The coastal resort towns of Spain are popular with British, German, and other tourists across Europe and may be under threat according to the Spanish government. The government’s National Security report states Islamic State has increased its recruiting efforts in Spain and has started publishing more propaganda in Spanish leading to the increased warning over possible future attacks, De Telegraaf reports.
The report highlights several factors including cyber security and claim that the terror group will likely launch more cyber attacks in the near future that would target critical infrastructure in the country. In 2016, there were 21,000 incidents of cyber attacks – up 15 per cent from 2015. Of those around 3.6 per cent were considered to be serious security threats.
The terror group is also said to have launched a campaign last summer to procure more Spanish translators to help spread their jihadist propaganda on social media.
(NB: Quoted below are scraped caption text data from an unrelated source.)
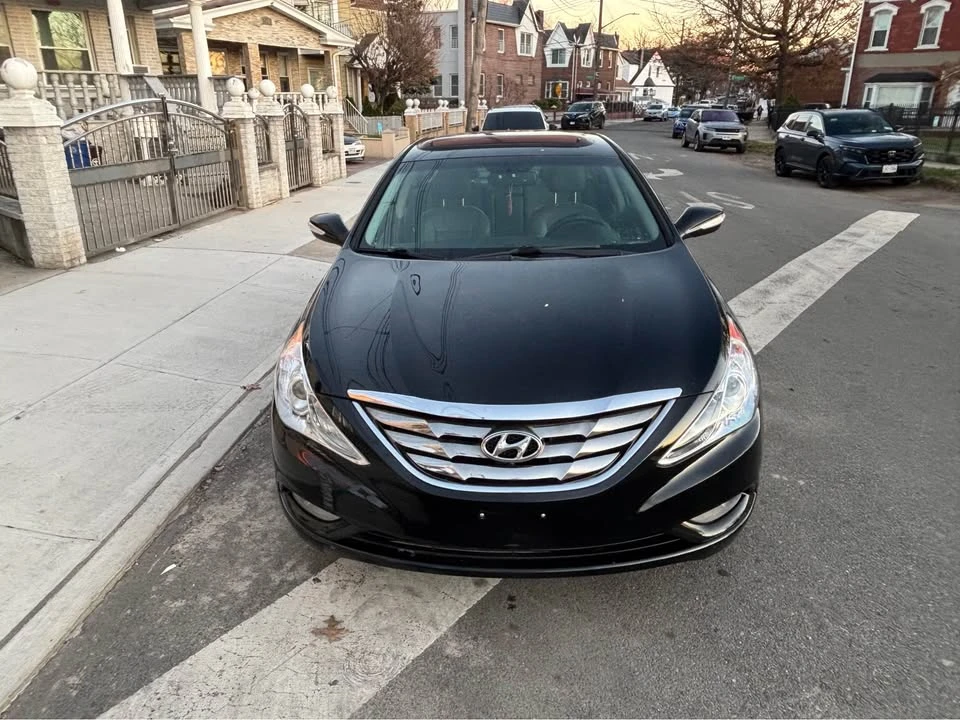 2011 Hyundai Sonata - Image 8 of 14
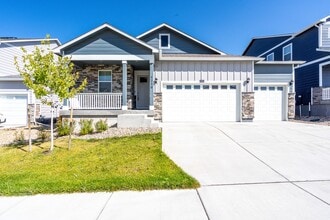 Building Photo - 5230 Janga Dr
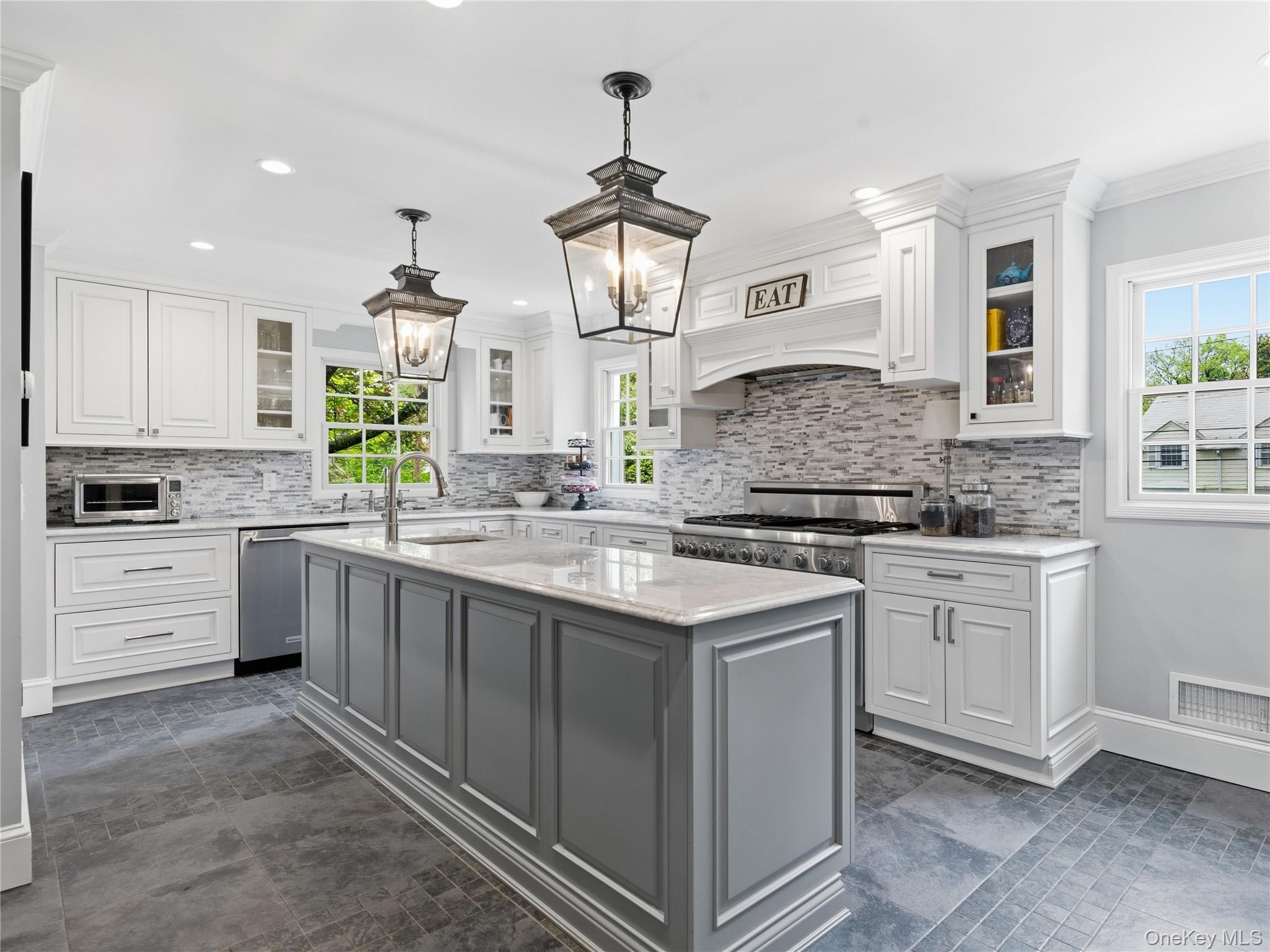 140 Remington Road Manhasset, NY 11030 - Photo 9 of 33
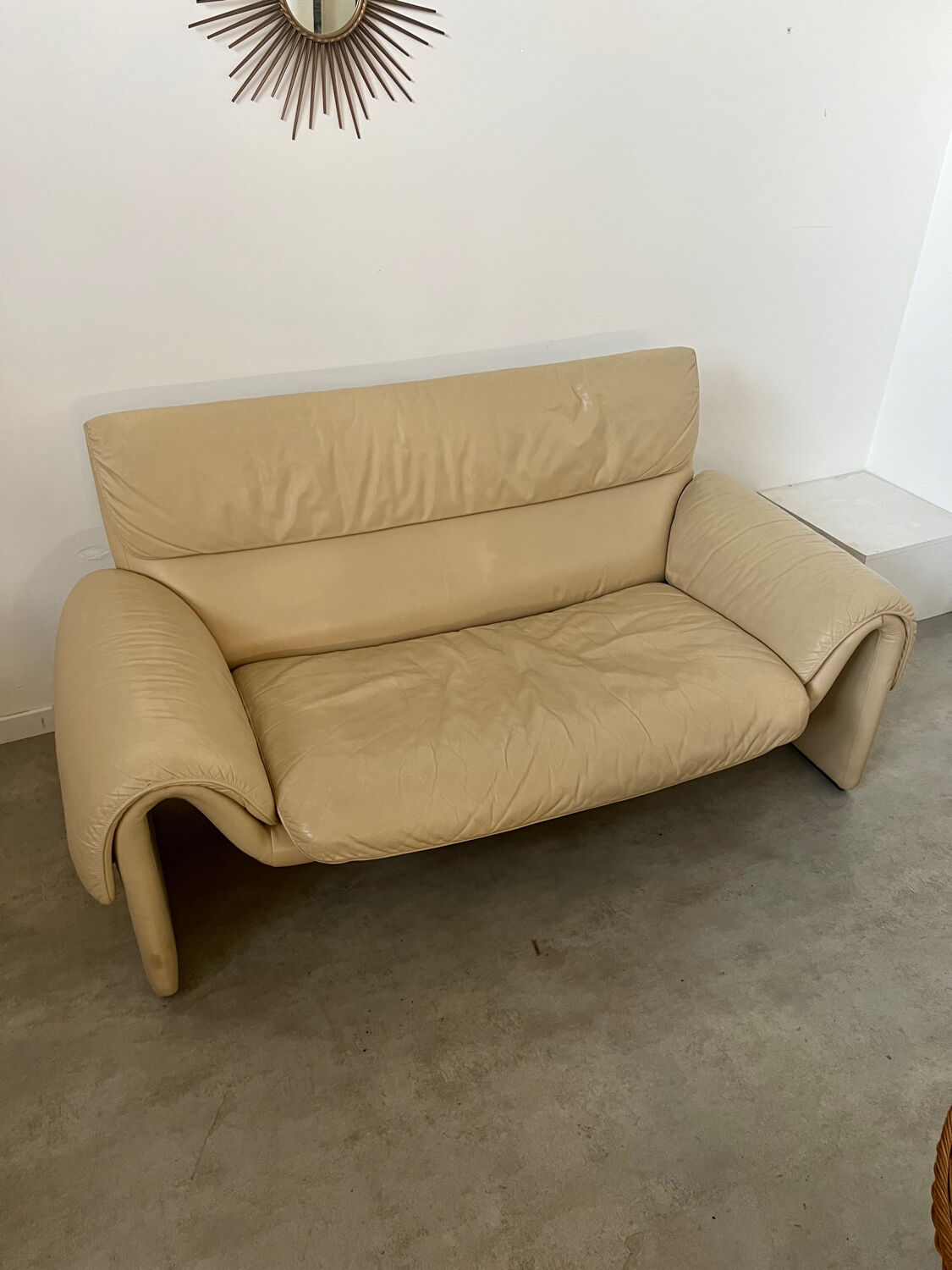 Vintage design sofa de sede ds-2011 in cream leather 2 places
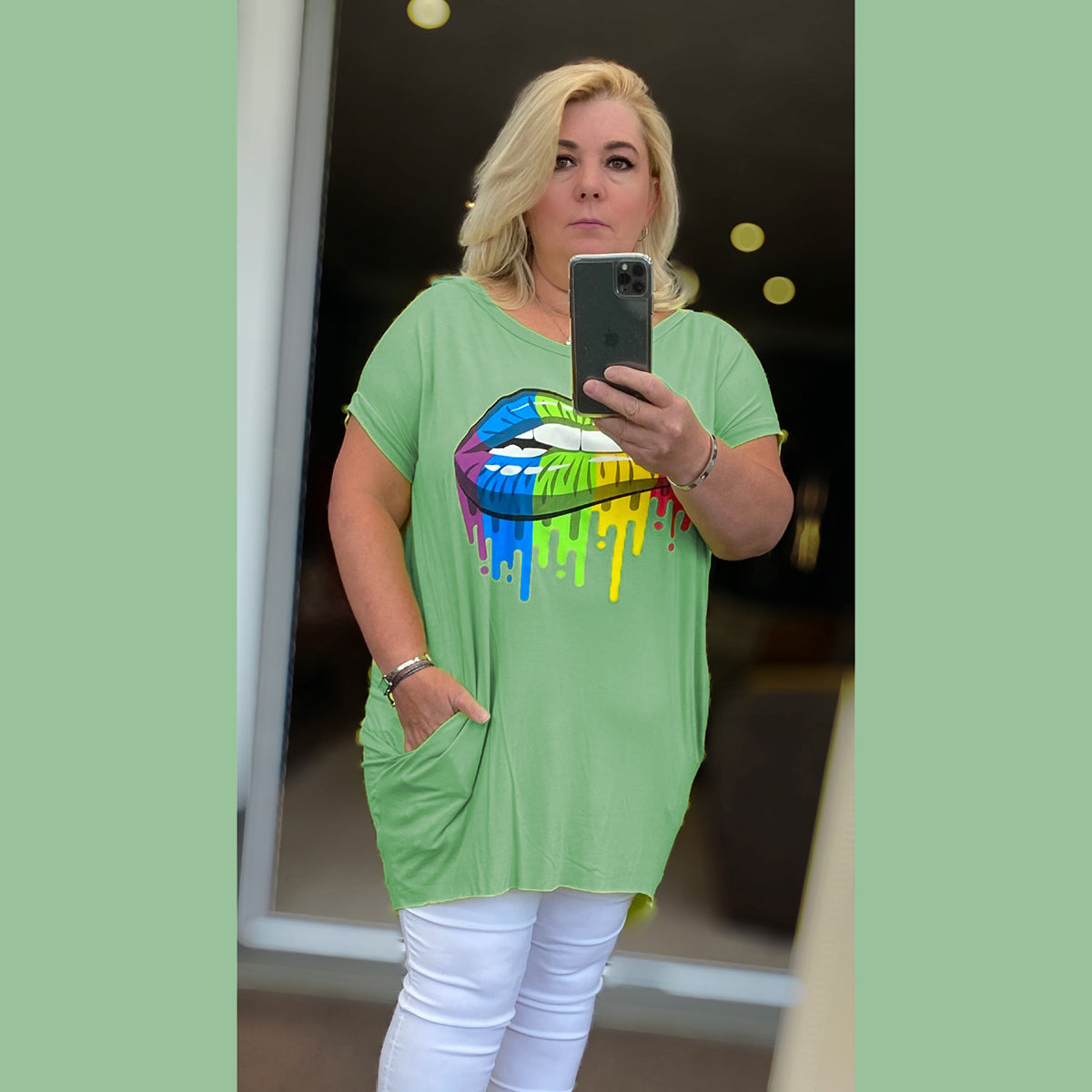 ROCKTHOSECURVES LONG DIPPED HEM TOP RAINBOW LIPS AND SIDE POCKETS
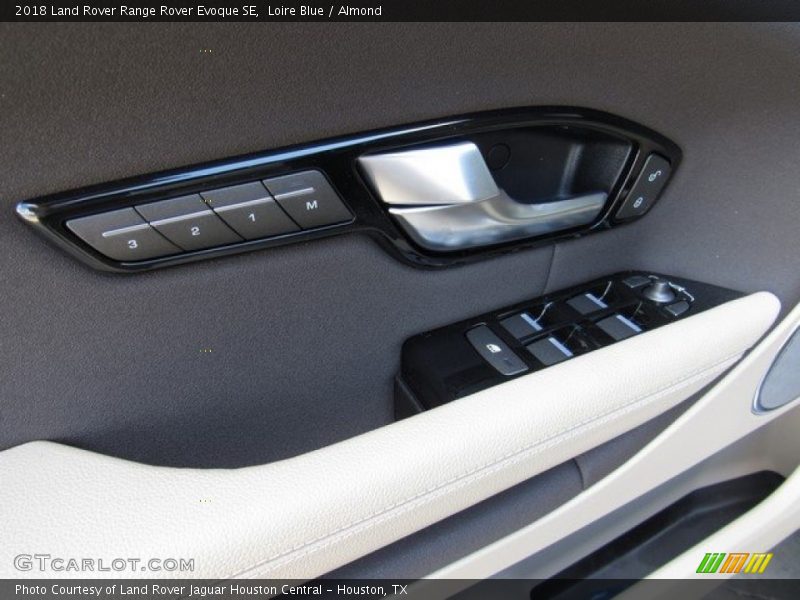 Loire Blue / Almond 2018 Land Rover Range Rover Evoque SE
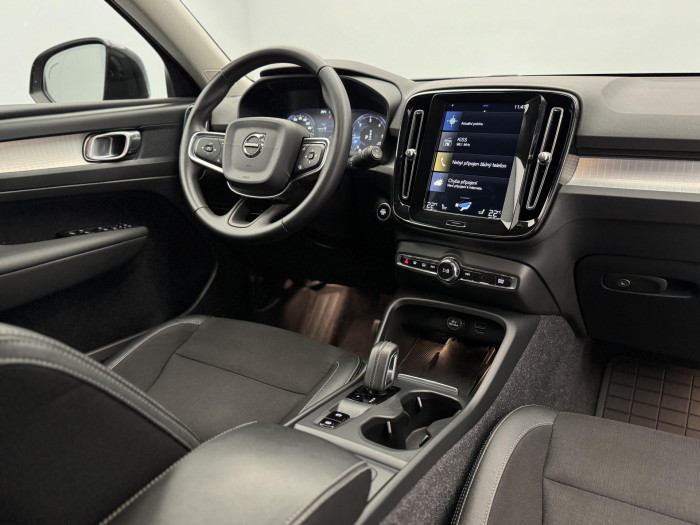 Volvo XC40 D3 MOMENTUM AUT 2.0 d Momentum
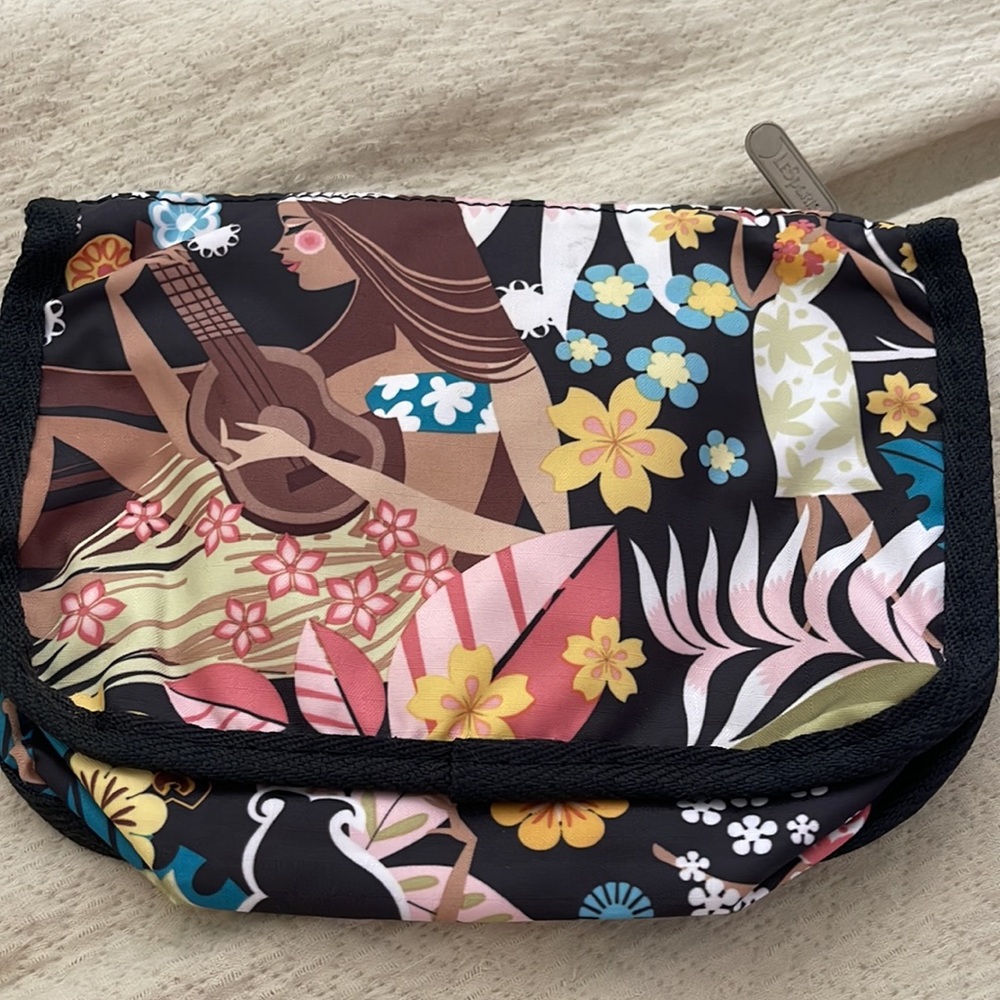 Hawaii exclusive Lesportsac cosmetic pouch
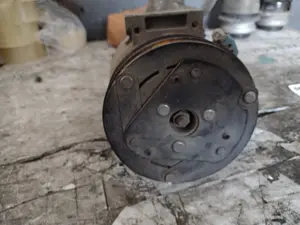 Foto de COMPRESOR AIRE ACONDICIONADO OPEL VECTRA C BERLINA referencia 13197197 foto 2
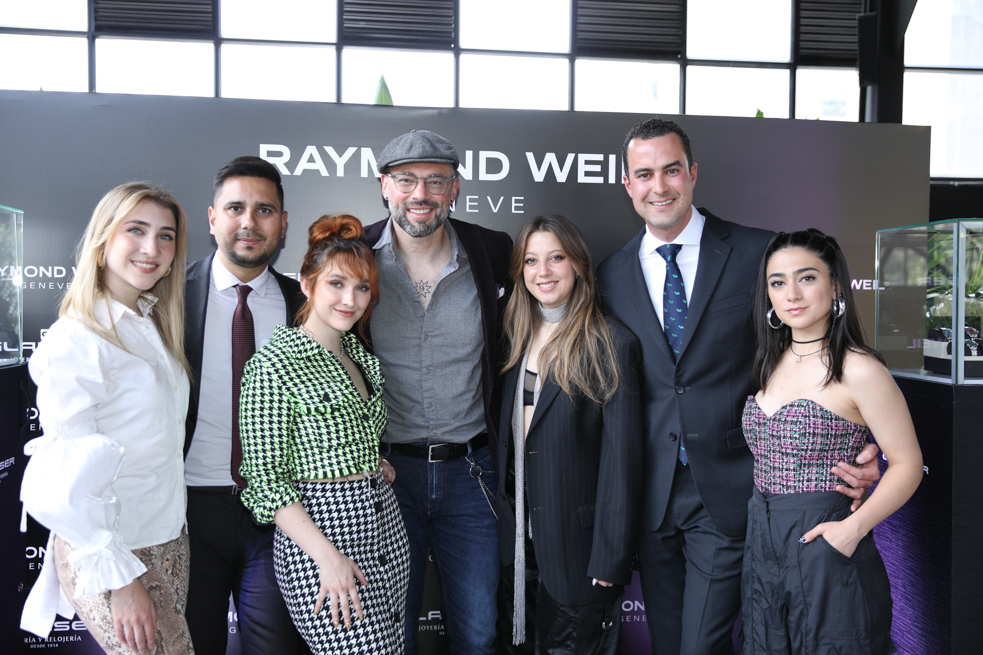 Raymond Weil rinde homenaje a los artistas colombianos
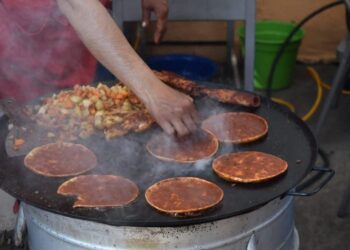 Sefeco Morelia cierra con éxito la 4ta Feria de la Enchilada en Tacícuaro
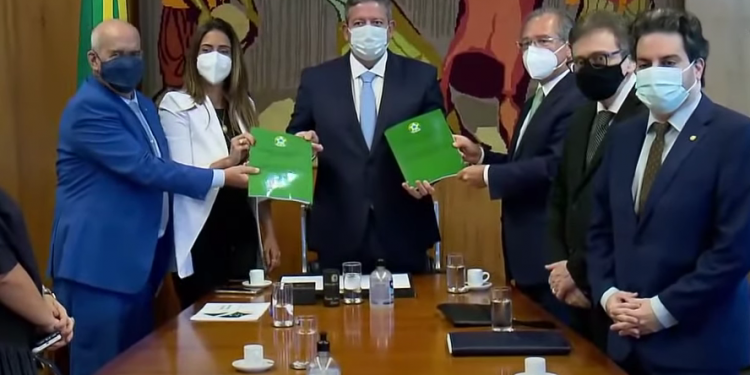 Está chegando a maior reforma tributária da história.Confira.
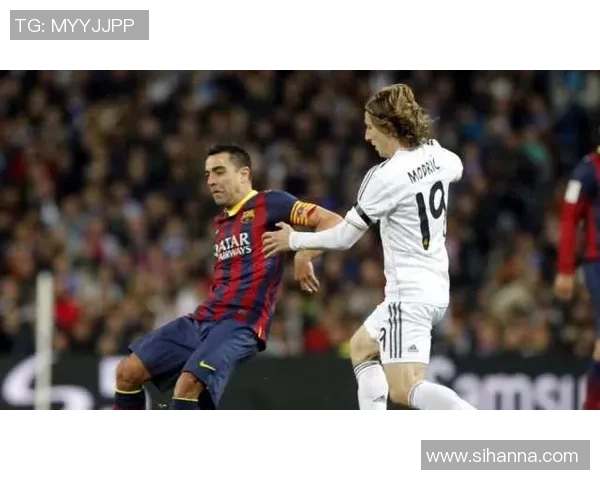 顶级球员引领风潮 如何看待当今足坛超级巨星的影响力与成就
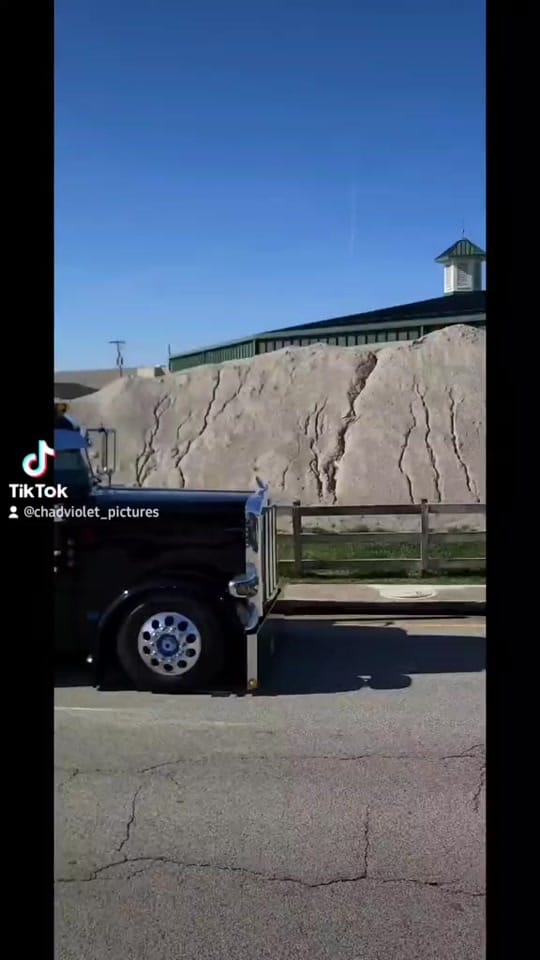 Post 10 by Chad Violet on TikTok (video)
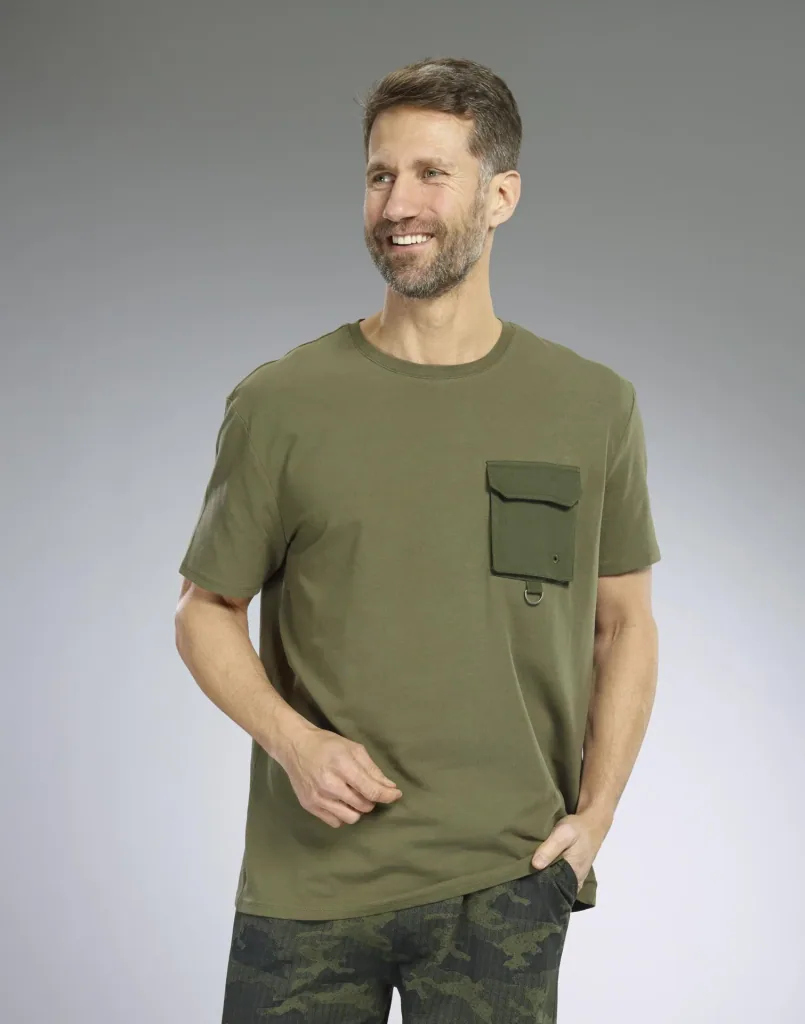 T-Shirt mit Brusttasche, Farbe oliv, Gr.M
The increase in Spanish propaganda “implies an increase of the risk of its influence on the radicals installed in our country,” the report notes.
While no specific geographical targets have been named by the terror group, the report notes an attack would put the civil aviation sector at risk due to the possible effect on the global economy.
Spain has maintained a high alert status across the entire country and is presently at threat level 4. This means authorities believe there is a potential attack risk, though no official or specific plans have been discovered.
In 2016, the government carried out 36 police operations which led to the arrest of 69 people who are alleged to have connections to terrorist groups.
Also mentioned was the increased migration of African migrants into Spain’s North African enclaves of Ceuta and Melilla. Over the past year, both areas have seen migrants break through or climb over the large border fences in an effort to claim asylum in the European Union (EU). In one instance earlier this year, over a thousand migrants stormed Ceuta in one day.
Last month in the enclave, two people were arrested by police accused of having connections to Islamic State. The Interior Ministry did not give out the identities of those arrested but did note that many of the 180 arrests of individuals linked to the terror group over the last two years occurred in Ceuta.